Carrying the cardboard box, he went out to the sea as the sun was setting. The sunset is not as red as on the day he first met her. Rather, it is yellow like an egg-yolk. Perhaps for that reason the sky is pink. The tide is coming in. He does not know if she is dead or not. Probabilities are half and half. But he wants to think she is dead. Only then, it seems, can his heart find peace. The woman who died with her lover in the cold sea last winter might have been her, or might not have been her. But in his early morning dream, the woman had told him… she was so very, very cold.
    He opens the box and lays her pigeon-gray shoes side-by-side on the tidal flats. The shoes neatly laid on the twilit shore… he has a feeling that he is entering the scene in his dream, that moment when he first met her the autumn of the year before last. He removes from the box the black leather jacket, the woolen coat, the other garments she had left behind, and spreads them out neatly beside the shoes. It is as though just a moment before she had stripped off everything she was wearing and was hastening [omit her] naked [omit body] toward the sea.

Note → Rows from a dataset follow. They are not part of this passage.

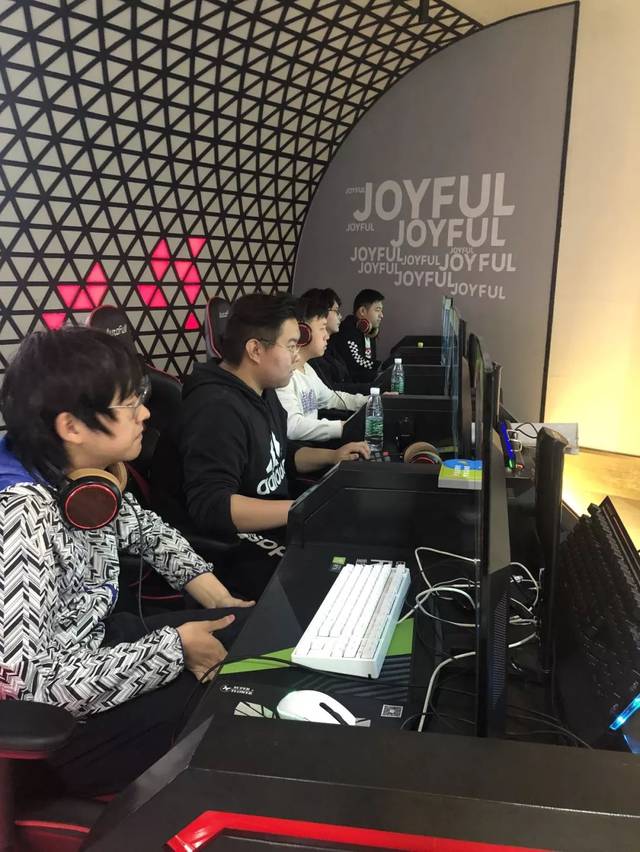 也在放大边 也在放大边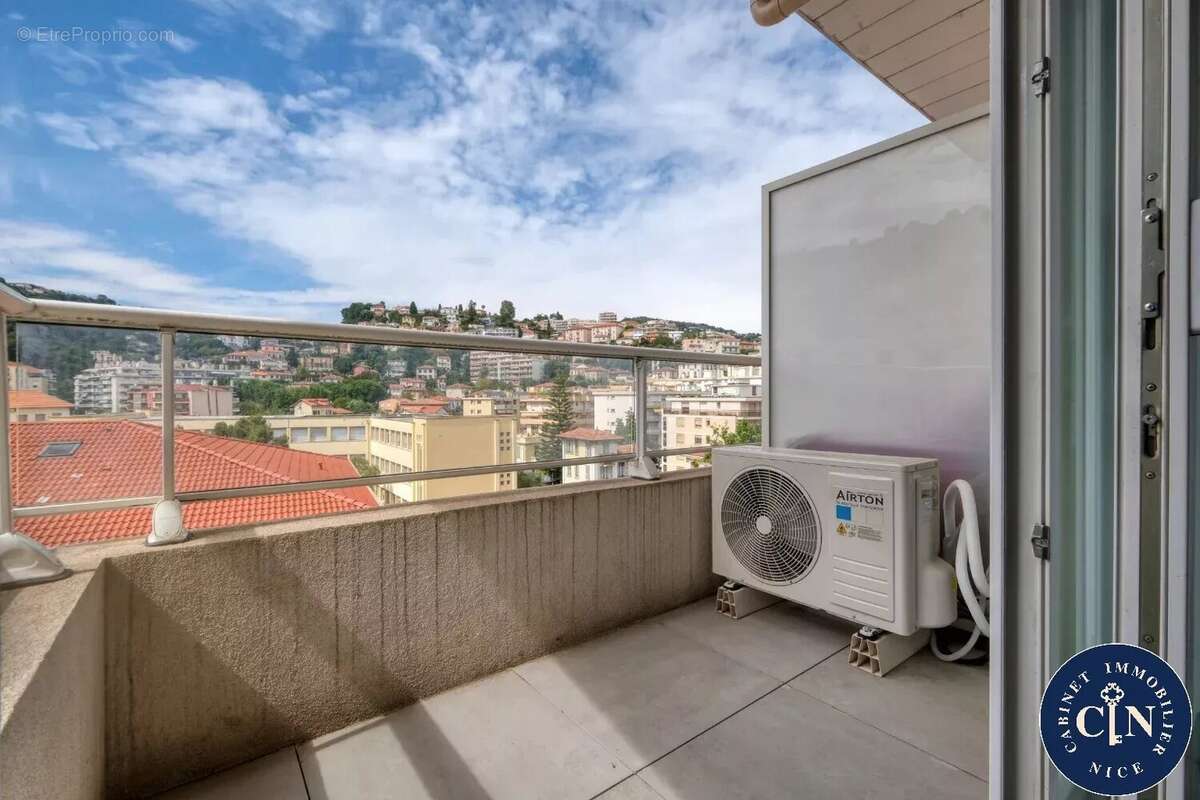 Appartement 93 m² à Nice  - photo 2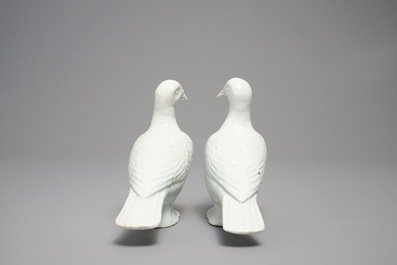 A pair of Chinese blanc de Chine models of doves, 18/19th C.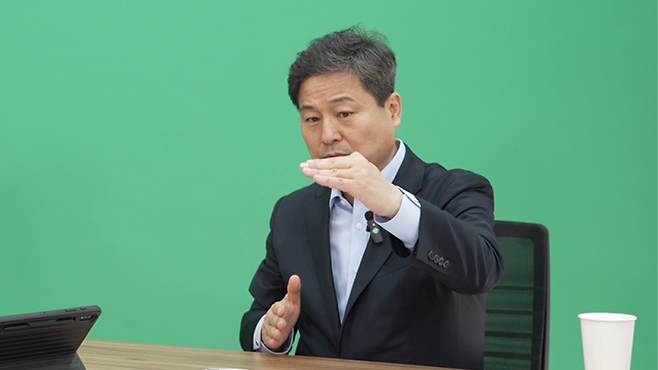 김 의원은 "세계적인 국방비 증가는 우리에게 새로운 산업 성장의 기회가 될 수 있다"고 말했다.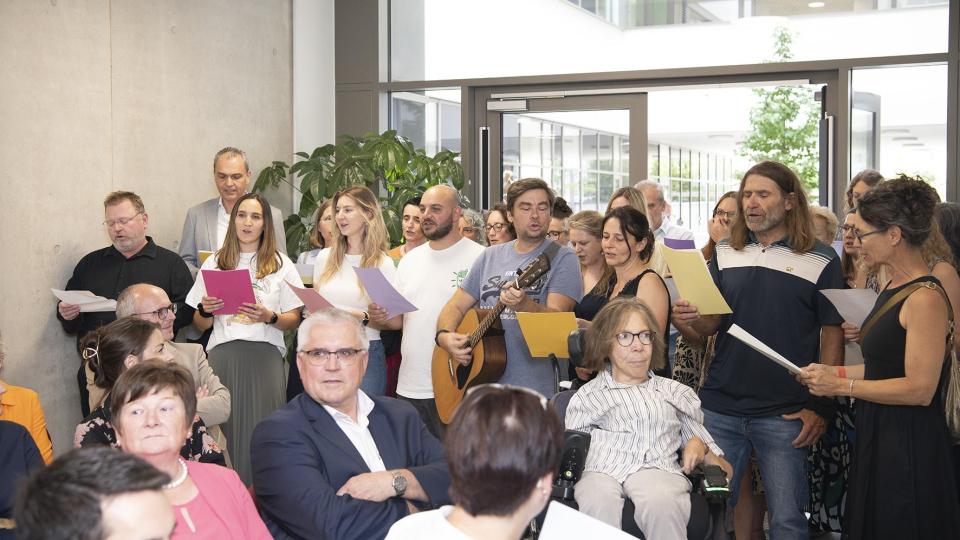 Musik durfte bei der Eröffnung der Klinik nicht fehlen. Bild: Katharina Tenberge-Holzer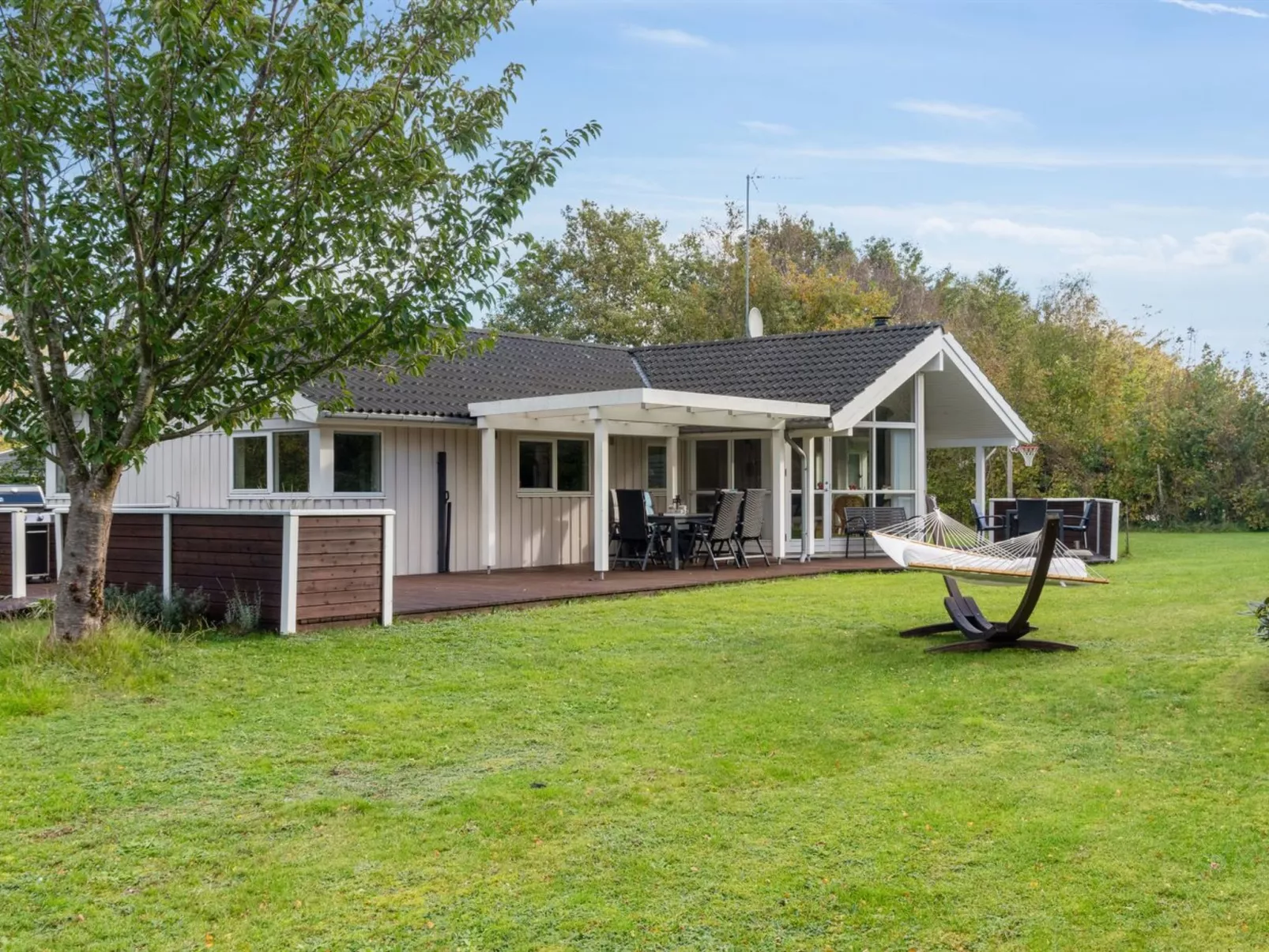 "Hilaria" - 1.4km from the sea-Buiten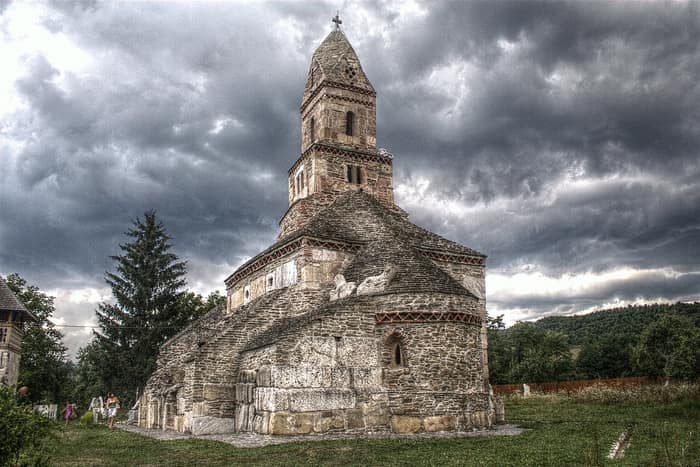 L’église de pierre de Densuș, du XIIIe siècle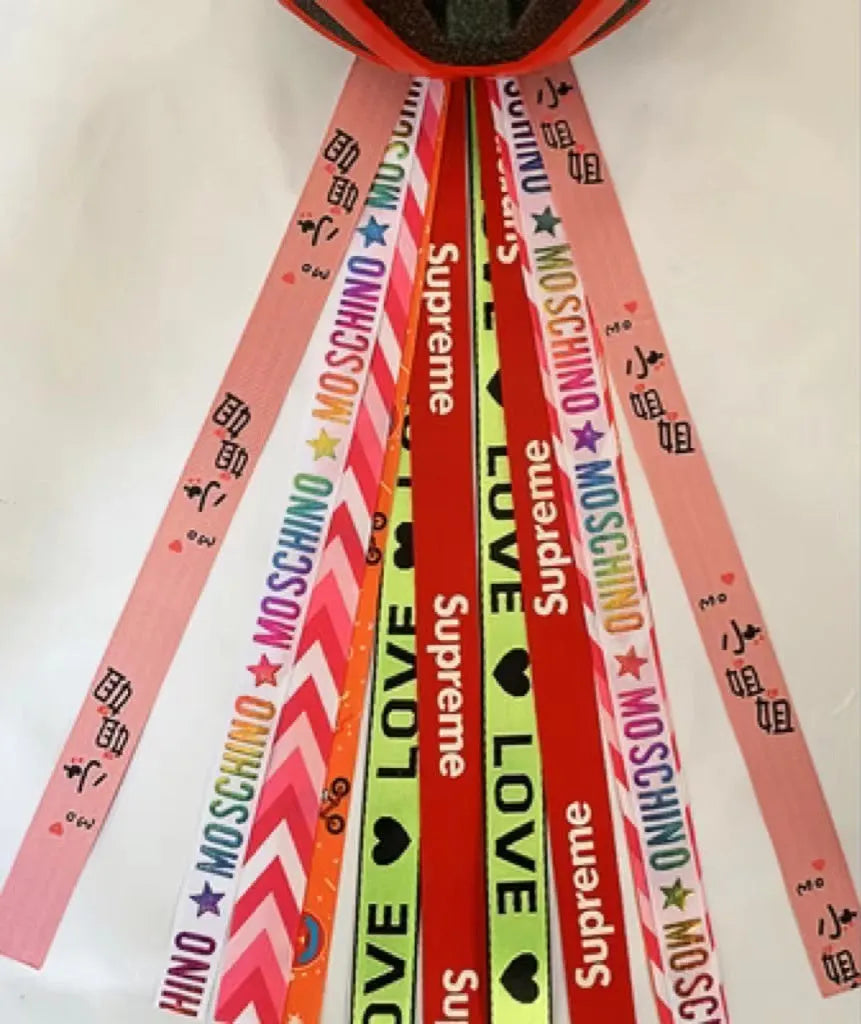 Children's helmet decorative streamers in multiple colours for skating and ski safety gear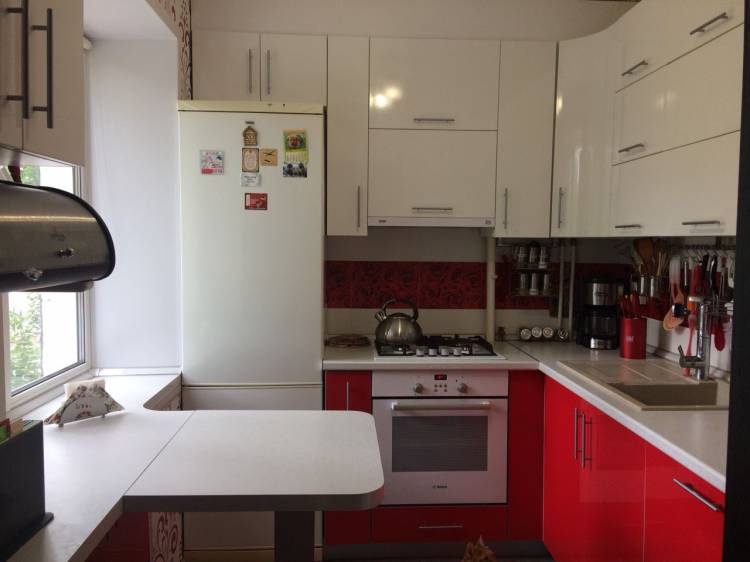 Кухня красная в хрущевку с фасадами в пластике на заказ в Самар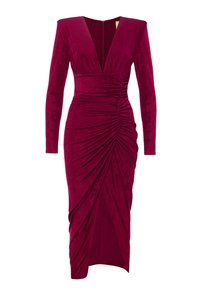 Bordowa aksamitna sukienka z długimi rękawami, głębokim dekoltem w kształcie litery V oraz marszczeniami wzdłuż ciała, charakteryzująca się dopasowanym krojem.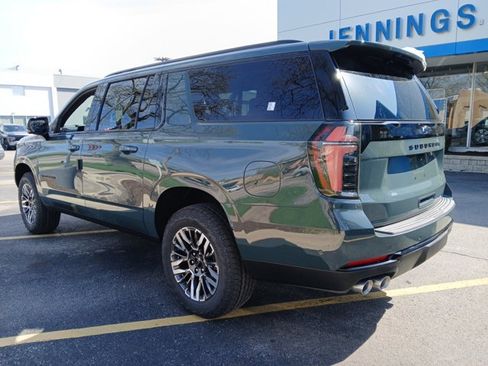 New 2026 Chevrolet Suburban Z71 AWD/4WD image 5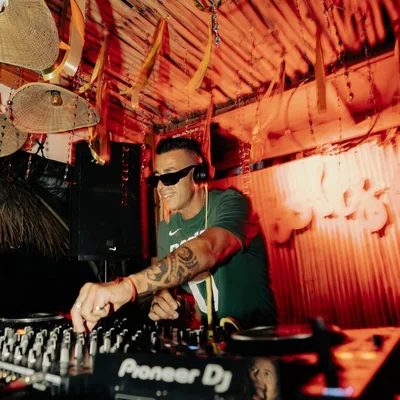 @djchvera profile image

    The sun is slowly drooping toward the horizon and the sea is gradually coming closer. He puts a cigarette between his lips and flicks his lighter. As the flame emerges, the metal parts of the lighter glare sharply, stinging his eyes. The sun seems about to set, is poised to fall below the horizon, but, like tenacious life, hangs on. He knows that it vanishes in a flash, just when you lower your guard.
    Suddenly the waves grow rougher. He retreats. The rising tide nudges her clothes, gradually scattering them about. The current grows stronger. A wave carries away her shoes. After retreating, the waves return and carry off, one by one, her summer clothes, the leather jacket, and the woolen coat. Avoiding the incoming waves, walking backward, he watches the scene intently. Now nothing remains on the shore. As it drifts seaward, the black leather jacket gleams like a whale’s back in the twilight. The rest of the clothes slowly sink but the black leather jacket stays afloat on the sea for a long while. Why should the old lady’s words come to his mind just then? “One full-moon night that woman’s plum-red velvet skirt rose to the surface and drifted on the sea for several days.”
 
                            ***

He caught the last ferry and returned to Oepori. Now, he has buried the woman in the sea. Now, he feels he will be able to forget her. He feels he will not have any more dreams. She no longer exists. Anywhere. Not even in his mind. Not even in his recollections, his memory. Now, they are all empty. Could what is called love really be like that? A blue crab grave, completely empty, leaving nothing but debris after craving flesh so madly…
    Ah! Tonight, he wants to eat crab. He is feeling empty. He wants to dig out and eat the meat of crabs, soaked in soy sauce until they are thoroughly marinated. How long does it take to overcome this appetite? Crabs eat a lover’s body; then another lover eats the crabs… Suddenly he feels a fierce appetite arising in him. He drives toward the port to buy crabs in soy sauce.


* Hy Freedman, “Sex Link: The Three-Billion-Year-Old Urge and What the Animals Do About It,” 1977.